::: TASK INPUT :::

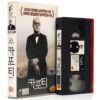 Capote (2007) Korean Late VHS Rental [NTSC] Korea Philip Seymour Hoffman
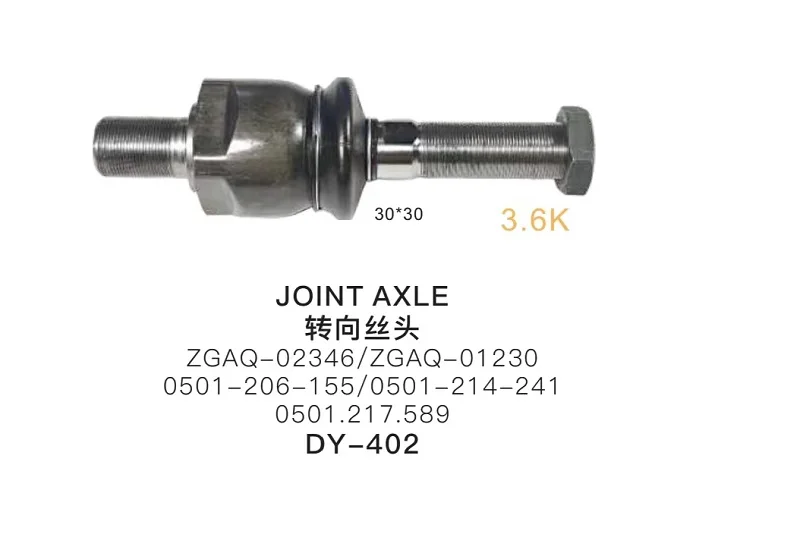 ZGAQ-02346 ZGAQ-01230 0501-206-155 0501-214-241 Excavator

:::
::: TASK INPUT :::

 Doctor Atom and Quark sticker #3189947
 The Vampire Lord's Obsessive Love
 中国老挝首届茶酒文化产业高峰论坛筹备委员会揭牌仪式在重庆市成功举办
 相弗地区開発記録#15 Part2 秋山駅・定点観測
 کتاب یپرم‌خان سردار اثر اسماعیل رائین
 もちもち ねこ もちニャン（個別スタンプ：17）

:::
::: TASK INPUT :::

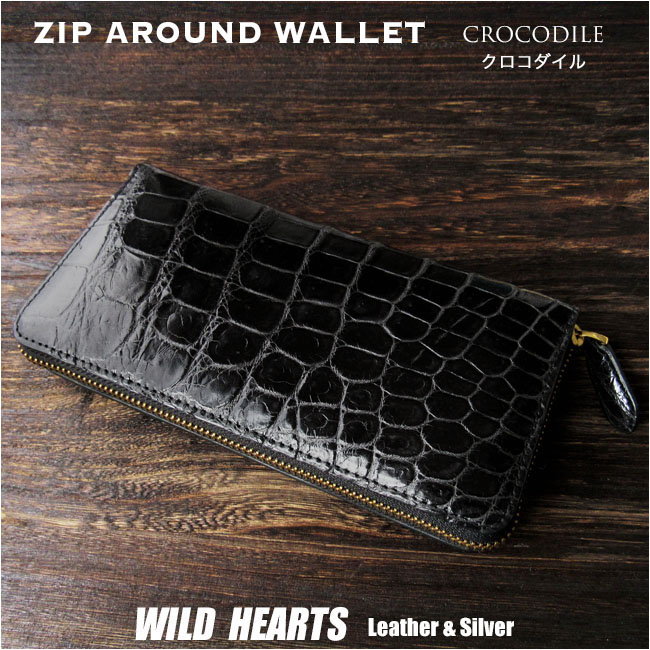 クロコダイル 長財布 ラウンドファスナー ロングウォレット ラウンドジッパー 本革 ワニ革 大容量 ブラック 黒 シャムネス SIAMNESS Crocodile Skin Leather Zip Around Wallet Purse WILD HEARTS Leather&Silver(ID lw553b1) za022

:::

EXERCISE DETAILS:
In the data above, retype exactly and only the lines between the one holding "中国老挝首届茶酒文化产业高峰论坛筹备委员会揭牌仪式在重庆市成功举办" and the one holding "もちもち ねこ もちニャン（個別スタンプ：17）", inclusive.

EXPECTED OUTPUT:
 中国老挝首届茶酒文化产业高峰论坛筹备委员会揭牌仪式在重庆市成功举办
 相弗地区開発記録#15 Part2 秋山駅・定点観測
 کتاب یپرم‌خان سردار اثر اسماعیل رائین
 もちもち ねこ もちニャン（個別スタンプ：17）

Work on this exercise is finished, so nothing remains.